Owning is really the main issue. It'd be hard or impossible to live this way from an apartment, though you can certainly live cheaply; but growing your food, having chickens and such sounds like a real stretch, unless your landlord is really, really cool and lets you put in a garden and chicken coop in the courtyard or something. Yeah right. It'd also be easier in a more rural area, where more wild foodstuff will be available to supplement what you grow and raise yourself; though there's always something to be found anywhere.
That's the other thing: work is still involved. Not wage work, really, but there is an element of labor. Dolly makes this point in this YouTube documentary, a point I've made in the past myself. It's work, you have to do things, but the question is whether those tasks are work or leisure. Fishing is fun, but can feed you, so is it work or play? I love gardening and even composting, which both feed my body, directly and indirectly, and my soul, because it's enjoyable, it's leisure and work at the same time. And above that is the fact that I'm my own boss, and much more free in general.
Of course, one doesn't have to go to the extreme of homesteading, though I advocate it and hope to do it someday.

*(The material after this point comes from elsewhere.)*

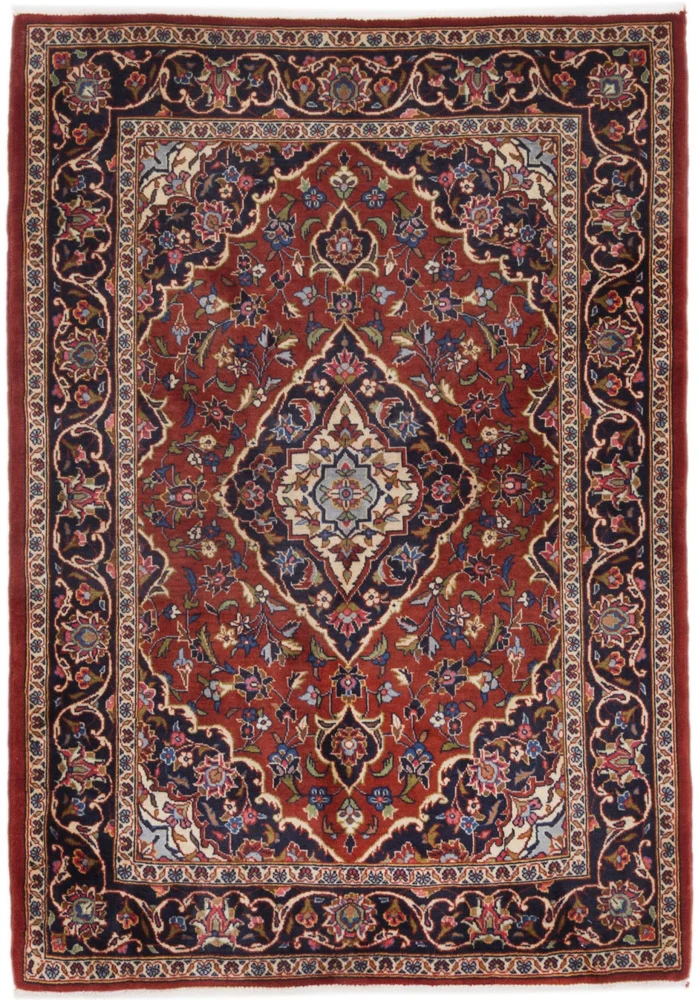 Perserteppich - Keshan - 105 x 150 cm - dunkelrot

Even city folk can simplify their life, drastically cut their expenses, and still live well. Eating a simpler diet doesn't mean sacrificing good food; it means you buy in bulk, beans, rice, flour, and so on, and learn to prepare tasty meals for yourself. Farmers markets often cost less, and are fresher and support local economies to boot. They allow you to taste the seasons as well, since you'll only have squash in the fall, asparagus in spring. Clothes are to be had cheap at thrift stores, though this is admittedly dependant on the overconsumption of others.
As for entertainment, there's always libraries, which often also have movies and music, if you have the electronics to play them. With my laptop alone, I'm set on that. If you're athletic, there's sports that you can do for cheap or free, like pickup basketball games, cycling and running clubs, neighborhood soccer, etc. Or you can take a walk somewhere. Call your friends up and have a poker night, or, in my case, preferably euchre. Lord I love me some euchre. Nature provides much diversion: birdwatching, wildflower or butterfly hunting, learning the natural history of your area, or adding to it with amateur studies, etc. People act like the only way to have fun is to go to the bar and spend a hundred dollars on alcohol, or going out to nice restaurants. Fine if this is really what you love, but there are a million other options, often more creative and enriching options, and cheaper too.

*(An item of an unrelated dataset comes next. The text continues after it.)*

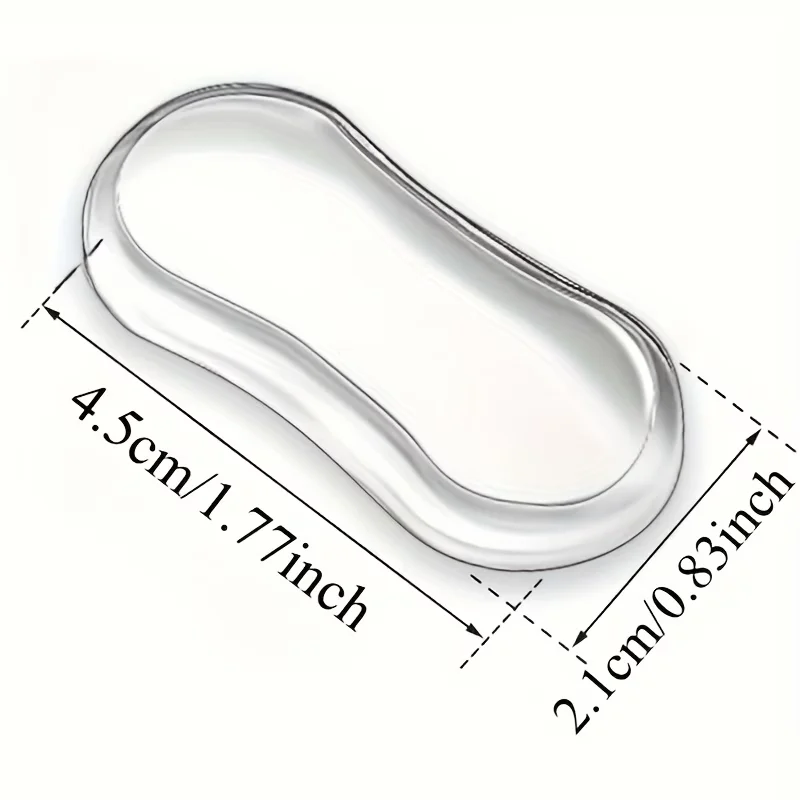6Pcs Transparent Self-Adhesive Silicone Toilet Lid Buffers, Universal Replacement Bumpers for Household and Hotel Toilet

The upshot? The less money you need, the less you have to work. Now, I'm not allergic to work, and when I do have a job, I always work hard; but I don't mean to devote my life to the accumulation of things, and I have other things to do with my time than slave away after wages. I work because I need to, and the less I need, the less I must work, and the more I can devote myself to the things I enjoy doing but haven't yet really figured out how to get paid to do. As a bonus you get to not be a hypocrite, or far less of one, when you bitch and gripe about the banks, the wealthy, the 1%, the corruption of government run by big business. You've stopped voting for those pricks by not using their dollars, and found your happiness away from their rat-race economic prison.